Efficient use of the Instruction Memory Hierarchy through advanced Program Transformations


 

Introduction and motivation

Low energy is one of the key design goals of the current embedded systems for multimedia applications. Typically the core of such systems are Very Long Instruction Word (VLIW) processors However, power analysis of such processors indicates that a significant amount of power is consumed in the on-chip instruction memory hierarchy. Loop buffering is an effective scheme to reduce energy consumption in the instruction memory hierarchy.

Our Contribution in Software Controlled Loop Buffers

The most energy efficient way to manage these loop buffers is through the compiler. The compiler should be responsible for mapping the appropriate parts of the application onto these L0 buffers.

We have extended the compiler to better support loop buffers in two ways:

Mapping Exploration

Since the loop buffer is software controlled, the compiler is responsible to use it effectively. We propose a mapping algorithm to find the optimal use of the loop buffer for a certain application  

Loop Transformations

We proposed loop transformations to increase the amount of loops that can be mapped onto the loop buffer. Examples of loop transformations are:

  1. loop peeling: A small number of iterations are removed from the beginning or the end of the loop. This way a conditional, testing on the loop counter can possibly be removed, resulting in a smaller loop body.

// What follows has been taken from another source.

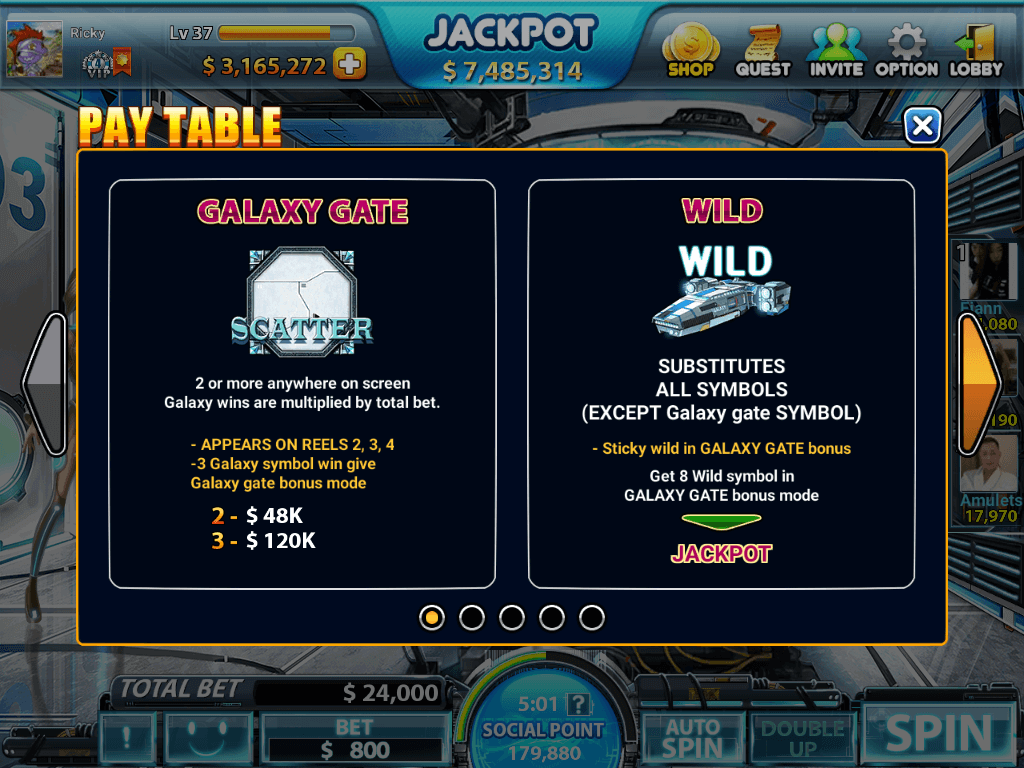 Wild Galaxy slot game screenshot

  2. factorization: Often the core of multimedia code is written as multiple similar phases. Each of these phases contains (almost) the same code. If you can share the common code in a function, you only have to load it once into the loop buffer.

  3. loop unrolling + software pipelining: Loop unrolling will increase the ILP but also the code size. By combining loop unrolling with software pipelining we are able to make a trade off.

  4. loop splitting: By splitting the body of a loop and creating two separate loops executed one after the other, we reduce the size requirements of the loop buffer.



Tom Vander Aa -- 2003-08-19